VeriFIT / mata

A fast and simple automata library
MIT License
23 stars 13 forks source link

RE2Parser bug with regex begin line and end line markers #459

Closed Adda0 closed 1 day ago

Adda0 commented 4 days ago

This PR attempts to fix parsing ^ and $ in regexes parsed by RE2. There are a lot of missing features that remain unimplemented and will have to be resolved in the future.

The PR is supposed to fix issues from #457, #437, and #450. Whether it actually fixes the issues, that remains to be seen.

jurajsic commented 1 day ago

What does increment_current_state do? It just ignores the flag?

Adda0 commented 1 day ago

Can you clarify on what do you want to better explain? RE2 can increment its internal state multiple times while still operating on a single Mata NFA state. Therefore, we need to omit incrementing the current Mata NFA state when, for example, RE2 increments its state for ^ symbol (the beginning of the line). This bool flag just allows us to specify that when we get such a state, we should not increment the current Mata NFA state.

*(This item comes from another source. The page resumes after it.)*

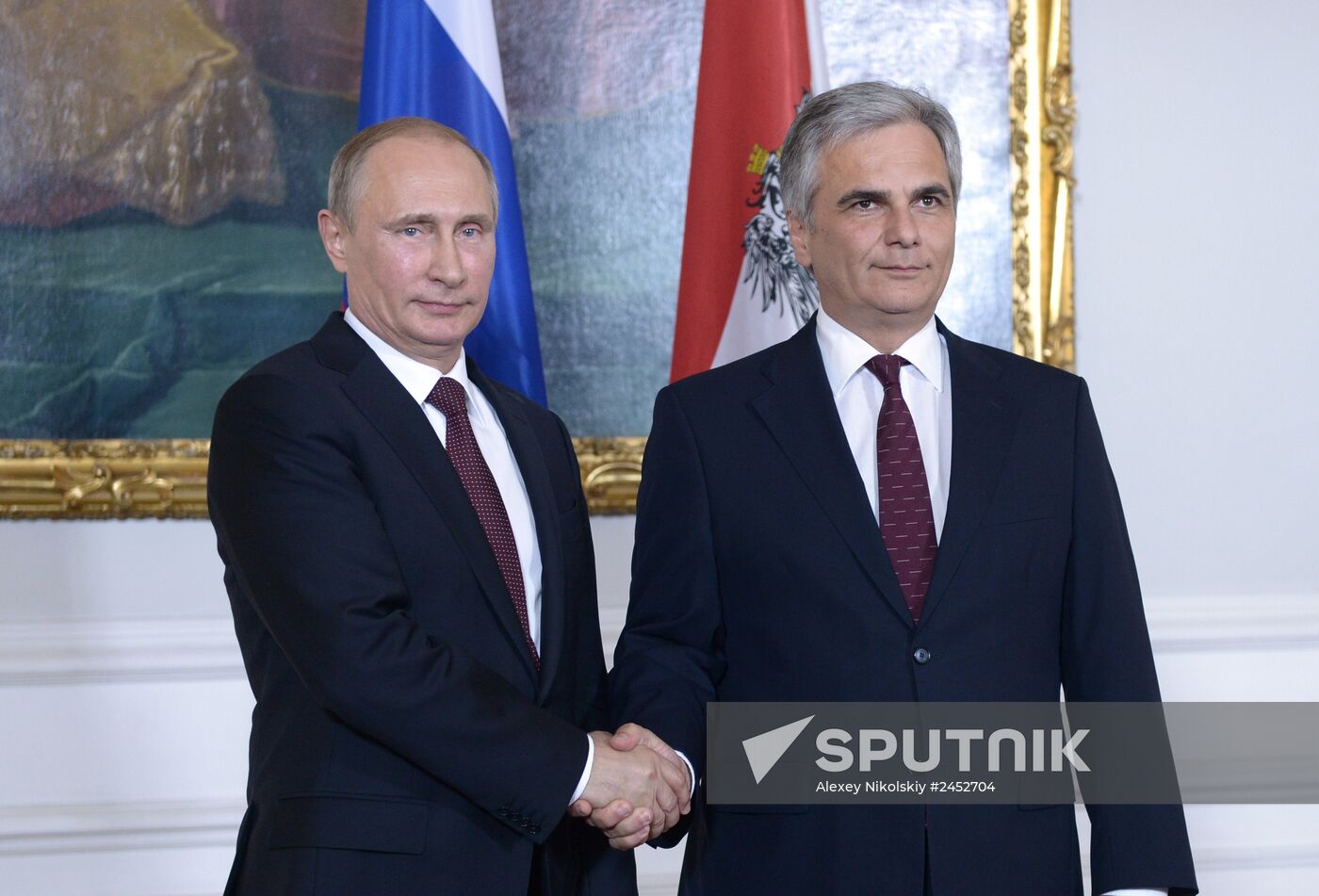 Vladimir Putin pays official visit to Austria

jurajsic commented 1 day ago

If I understand correctly, it just ignores the flags ^, $, \b, etc., right?

Adda0 commented 1 day ago

As of right now, yes. But it is meant to be generally usable if something like this appears again. It is a mechanism to make the NFA state independent of RE2 state.

jurajsic commented 1 day ago

I would have some discussion whether it is not better to throw an error for some of the flags, that we cannot handle them or something, but I am still ok with this.

Adda0 commented 1 day ago

Definitely. We have not tested \b etc. And even more, RE2 seems to throw states with state kind EndOfText or BeginOfText for $ and ^ even though the kind should be EndOfLine and BeginOfLine. I do not understand it, but as of now, these non-printable characters are skipped.

This will play a role when we open a discussion about regex interpretation, that is, a{2}b should match aab, but also aab inside fffaabfff. We have two matching approaches: the first is just an automaton matching a{2}b precisely, the other is .*a{2}b.*, which is what normal regex matchers do. We should have a flag (by default, set to the first approach), where the user can define which matching approach they want (what kind of NFA they get from the regex). Then, the ^ and $ will play a role. In the first approach, they are irrelevant.

jurajsic commented 1 day ago

The EndOfLine vs EndOfText could be related with whether multi-line mode is enabled or not, by default I think it is disabled.

Adda0 commented 1 day ago

Good point. I believe this is correct. I will add the comment to the linked issue.